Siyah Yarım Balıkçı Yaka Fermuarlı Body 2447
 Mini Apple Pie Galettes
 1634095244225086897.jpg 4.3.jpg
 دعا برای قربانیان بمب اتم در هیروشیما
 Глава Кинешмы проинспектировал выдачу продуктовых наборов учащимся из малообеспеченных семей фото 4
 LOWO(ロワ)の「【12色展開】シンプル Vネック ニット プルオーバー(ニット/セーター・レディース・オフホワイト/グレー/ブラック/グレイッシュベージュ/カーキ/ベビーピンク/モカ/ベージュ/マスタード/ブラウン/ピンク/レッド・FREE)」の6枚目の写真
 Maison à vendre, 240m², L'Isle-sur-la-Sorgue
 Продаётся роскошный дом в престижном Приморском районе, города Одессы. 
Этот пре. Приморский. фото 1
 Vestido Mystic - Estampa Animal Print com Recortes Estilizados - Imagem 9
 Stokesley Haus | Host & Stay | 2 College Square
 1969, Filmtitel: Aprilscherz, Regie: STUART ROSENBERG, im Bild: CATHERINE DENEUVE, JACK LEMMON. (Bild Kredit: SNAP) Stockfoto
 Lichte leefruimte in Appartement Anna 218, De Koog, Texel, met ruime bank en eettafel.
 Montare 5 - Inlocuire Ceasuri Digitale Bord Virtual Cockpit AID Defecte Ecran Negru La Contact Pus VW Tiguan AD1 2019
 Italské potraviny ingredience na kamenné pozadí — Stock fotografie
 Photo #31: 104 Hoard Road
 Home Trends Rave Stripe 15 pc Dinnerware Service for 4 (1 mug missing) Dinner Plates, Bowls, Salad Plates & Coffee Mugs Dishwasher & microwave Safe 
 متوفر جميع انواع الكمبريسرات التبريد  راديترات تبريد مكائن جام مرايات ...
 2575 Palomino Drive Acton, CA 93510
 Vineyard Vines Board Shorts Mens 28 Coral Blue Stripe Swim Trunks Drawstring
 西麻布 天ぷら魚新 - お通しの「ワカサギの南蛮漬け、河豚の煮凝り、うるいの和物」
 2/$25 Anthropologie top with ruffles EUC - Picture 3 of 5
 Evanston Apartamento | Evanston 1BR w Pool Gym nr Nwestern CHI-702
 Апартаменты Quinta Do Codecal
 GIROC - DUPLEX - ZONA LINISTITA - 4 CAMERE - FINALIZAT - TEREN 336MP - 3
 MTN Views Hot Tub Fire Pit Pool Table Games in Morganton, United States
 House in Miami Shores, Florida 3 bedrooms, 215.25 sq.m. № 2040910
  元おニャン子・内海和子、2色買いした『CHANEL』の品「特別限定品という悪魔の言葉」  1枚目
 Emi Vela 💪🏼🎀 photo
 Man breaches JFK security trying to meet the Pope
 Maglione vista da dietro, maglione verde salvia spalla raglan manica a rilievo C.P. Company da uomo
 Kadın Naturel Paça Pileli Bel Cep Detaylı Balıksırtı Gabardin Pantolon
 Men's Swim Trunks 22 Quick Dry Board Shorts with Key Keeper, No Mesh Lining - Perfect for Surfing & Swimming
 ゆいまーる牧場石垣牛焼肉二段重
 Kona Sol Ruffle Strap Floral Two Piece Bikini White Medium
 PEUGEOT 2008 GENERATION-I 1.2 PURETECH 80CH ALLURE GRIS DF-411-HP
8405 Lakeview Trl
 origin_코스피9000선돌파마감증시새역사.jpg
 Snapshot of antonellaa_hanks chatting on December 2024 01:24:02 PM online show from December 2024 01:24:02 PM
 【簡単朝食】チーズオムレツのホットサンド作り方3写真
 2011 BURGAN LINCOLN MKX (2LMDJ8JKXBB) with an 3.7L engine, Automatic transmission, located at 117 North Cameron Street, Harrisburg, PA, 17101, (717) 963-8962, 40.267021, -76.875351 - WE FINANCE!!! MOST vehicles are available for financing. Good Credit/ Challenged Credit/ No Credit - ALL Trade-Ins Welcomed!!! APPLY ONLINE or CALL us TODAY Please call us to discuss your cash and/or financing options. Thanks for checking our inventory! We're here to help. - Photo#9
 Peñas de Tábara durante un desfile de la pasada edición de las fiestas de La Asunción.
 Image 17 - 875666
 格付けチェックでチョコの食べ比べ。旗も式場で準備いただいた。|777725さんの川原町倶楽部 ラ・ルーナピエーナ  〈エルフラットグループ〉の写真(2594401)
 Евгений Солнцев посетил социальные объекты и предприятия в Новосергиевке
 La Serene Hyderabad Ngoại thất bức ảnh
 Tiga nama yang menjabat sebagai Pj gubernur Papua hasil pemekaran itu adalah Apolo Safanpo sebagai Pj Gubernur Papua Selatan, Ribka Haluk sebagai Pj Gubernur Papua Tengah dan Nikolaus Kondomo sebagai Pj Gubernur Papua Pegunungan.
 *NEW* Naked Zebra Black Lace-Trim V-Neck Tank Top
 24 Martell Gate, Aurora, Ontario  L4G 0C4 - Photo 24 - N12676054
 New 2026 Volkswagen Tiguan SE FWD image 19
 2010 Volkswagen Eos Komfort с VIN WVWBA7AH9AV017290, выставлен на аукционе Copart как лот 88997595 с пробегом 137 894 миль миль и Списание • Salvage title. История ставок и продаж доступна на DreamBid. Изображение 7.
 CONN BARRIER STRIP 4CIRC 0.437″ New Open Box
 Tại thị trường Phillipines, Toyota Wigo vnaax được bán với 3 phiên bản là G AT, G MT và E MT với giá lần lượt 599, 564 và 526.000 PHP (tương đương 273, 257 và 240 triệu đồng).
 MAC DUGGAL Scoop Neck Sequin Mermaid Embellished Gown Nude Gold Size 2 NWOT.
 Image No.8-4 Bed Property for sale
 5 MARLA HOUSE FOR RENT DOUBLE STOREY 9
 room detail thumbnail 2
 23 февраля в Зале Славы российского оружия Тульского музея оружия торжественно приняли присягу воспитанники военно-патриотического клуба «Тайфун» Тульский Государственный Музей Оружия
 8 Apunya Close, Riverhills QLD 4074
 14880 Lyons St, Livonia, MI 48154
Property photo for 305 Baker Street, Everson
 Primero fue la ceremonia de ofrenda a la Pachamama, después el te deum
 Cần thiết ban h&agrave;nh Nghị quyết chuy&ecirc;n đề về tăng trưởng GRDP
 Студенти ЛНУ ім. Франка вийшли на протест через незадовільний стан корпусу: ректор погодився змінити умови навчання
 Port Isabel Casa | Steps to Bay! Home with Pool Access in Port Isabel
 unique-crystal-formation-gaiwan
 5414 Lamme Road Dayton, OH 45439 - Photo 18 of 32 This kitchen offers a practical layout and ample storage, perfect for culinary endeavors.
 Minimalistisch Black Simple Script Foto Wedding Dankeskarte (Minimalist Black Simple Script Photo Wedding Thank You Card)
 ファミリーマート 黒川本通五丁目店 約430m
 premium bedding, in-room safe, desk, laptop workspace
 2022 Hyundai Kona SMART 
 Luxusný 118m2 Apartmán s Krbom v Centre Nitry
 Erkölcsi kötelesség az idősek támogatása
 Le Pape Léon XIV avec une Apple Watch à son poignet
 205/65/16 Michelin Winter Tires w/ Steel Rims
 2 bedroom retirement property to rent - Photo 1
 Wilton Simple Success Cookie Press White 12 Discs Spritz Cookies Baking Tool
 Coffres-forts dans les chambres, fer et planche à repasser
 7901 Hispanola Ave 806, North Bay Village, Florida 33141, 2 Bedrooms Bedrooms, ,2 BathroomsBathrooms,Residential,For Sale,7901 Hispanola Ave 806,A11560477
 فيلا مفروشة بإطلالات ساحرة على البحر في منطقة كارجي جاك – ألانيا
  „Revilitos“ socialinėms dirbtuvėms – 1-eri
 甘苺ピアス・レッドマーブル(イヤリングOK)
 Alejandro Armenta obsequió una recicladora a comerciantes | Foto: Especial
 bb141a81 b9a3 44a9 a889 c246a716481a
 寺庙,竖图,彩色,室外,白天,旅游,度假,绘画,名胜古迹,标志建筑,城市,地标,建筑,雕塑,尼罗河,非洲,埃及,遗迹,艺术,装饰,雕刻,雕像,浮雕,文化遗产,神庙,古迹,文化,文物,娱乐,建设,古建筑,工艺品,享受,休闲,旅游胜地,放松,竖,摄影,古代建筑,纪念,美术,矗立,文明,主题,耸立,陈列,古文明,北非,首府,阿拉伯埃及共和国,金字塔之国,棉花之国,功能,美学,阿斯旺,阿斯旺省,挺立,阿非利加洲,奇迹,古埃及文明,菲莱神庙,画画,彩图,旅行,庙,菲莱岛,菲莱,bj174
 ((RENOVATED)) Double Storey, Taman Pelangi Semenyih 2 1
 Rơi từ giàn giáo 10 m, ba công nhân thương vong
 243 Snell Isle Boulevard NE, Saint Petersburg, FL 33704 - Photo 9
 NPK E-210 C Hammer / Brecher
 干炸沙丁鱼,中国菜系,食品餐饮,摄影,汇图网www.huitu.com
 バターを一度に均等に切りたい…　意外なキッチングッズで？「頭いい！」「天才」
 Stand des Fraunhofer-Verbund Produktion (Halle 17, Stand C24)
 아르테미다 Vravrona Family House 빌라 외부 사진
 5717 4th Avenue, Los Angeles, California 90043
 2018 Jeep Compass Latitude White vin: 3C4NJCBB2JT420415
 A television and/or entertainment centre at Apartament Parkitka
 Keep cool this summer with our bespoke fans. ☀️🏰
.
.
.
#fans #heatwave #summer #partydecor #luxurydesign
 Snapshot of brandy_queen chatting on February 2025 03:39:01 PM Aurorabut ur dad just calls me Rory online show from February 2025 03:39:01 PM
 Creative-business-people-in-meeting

▸ **Exercise details**: The reply should consist solely of the lines above from the one that has "2022 Hyundai Kona SMART" through the one that has "2 bedroom retirement", reproduced exactly.

▸ **Exercise result**:
 2022 Hyundai Kona SMART 
 Luxusný 118m2 Apartmán s Krbom v Centre Nitry
 Erkölcsi kötelesség az idősek támogatása
 Le Pape Léon XIV avec une Apple Watch à son poignet
 205/65/16 Michelin Winter Tires w/ Steel Rims
 2 bedroom retirement property to rent - Photo 1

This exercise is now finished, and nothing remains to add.